I have another post planned for the end of this week, but I was too excited not to share some good news.
I’ve been pumping for about four months now, and for the first two months I always made just enough to keep up with Peyton – a “goldilocks”. Then in December, my supply dipped. I think it was a combination of getting sick, the stress of going back to work in January, and Peyton going through a growth spurt. In January I ate lactation cookies almost everyday and power-pumped as much as I could, but I wasn’t seeing an increase. It was hard enough leaving Peyton everyday to go to work, and the added stress of not producing enough milk was overwhelming. She was quickly going through my entire frozen stash, which wasn’t much to begin with.
Reluctantly, at the end of January I decided I had to supplement with formula. In the breastfeeding community, formula often gets a bad rap. But babies have been fed formula for years, and when they grow, it’s impossible to tell the difference between a breast fed baby and a formula fed baby. It’s unfortunate that those of us who have to use it have to tell ourselves over and over again “It’s ok. There’s nothing wrong with giving her formula. Fed is best.”
At the same time, I realized I needed to reach out for more help if I was going to meet my pumping goals.
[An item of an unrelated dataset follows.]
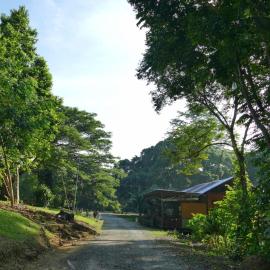 Sepilok B&B, Hotel in Sepilok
I found a Facebook group for exclusive pumping moms, and it was the biggest relief in the world. It’s hard not to get emotional as I write this. (That’s being modest – I’m totally crying right now) Most breastfeeding groups don’t offer much support for long-term pumping moms. Most moms that directly nurse just don’t have enough pumping knowledge. In the EP group, I found moms who offered real solutions. They taught me that pumping doesn’t have to hurt or be uncomfortable, and it doesn’t have to consume your life.
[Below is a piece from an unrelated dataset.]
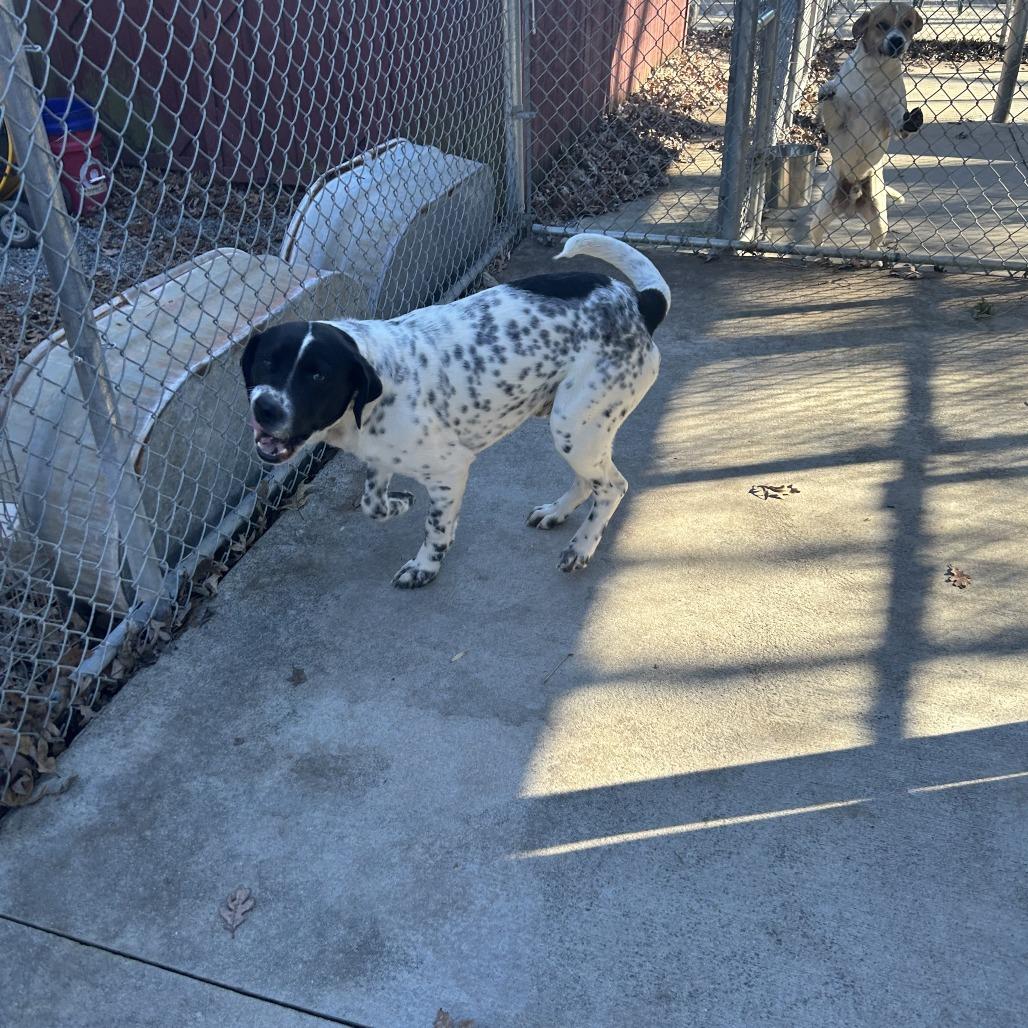 Enlarge Rompkin 25-1772, a Adoptable Mixed Breed in Yanceyville, NC image 2/4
Today, one month later, I have enough milk in the fridge to last Peyton all day, and it’s not even 10am. I have more milk in the freezer than I had before my supply dipped. Today, I don’t have to make a bottle of formula.
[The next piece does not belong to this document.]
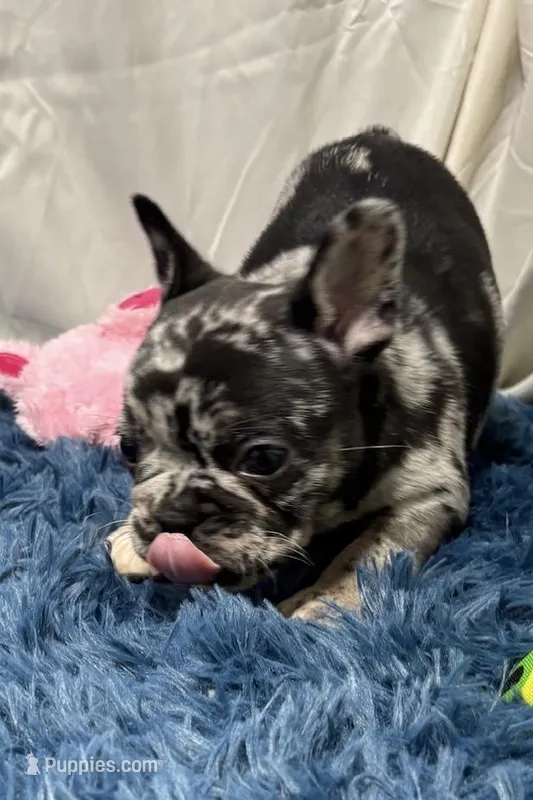 Ginger – French Bulldog puppy for sale in Sturgis, MI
I’ve got a long road ahead if I want to keep pumping for Peyton’s entire first year. I know there will be times that my supply will dip again, and I know I might not be able to get it back next time. But today, we are celebrating. Today is a good day 💗
P.S. I’m writing this from home on a weekday because I am so sleep-deprived that I had to take a day off from work. Ah, the never-ending ups and downs of life with a baby!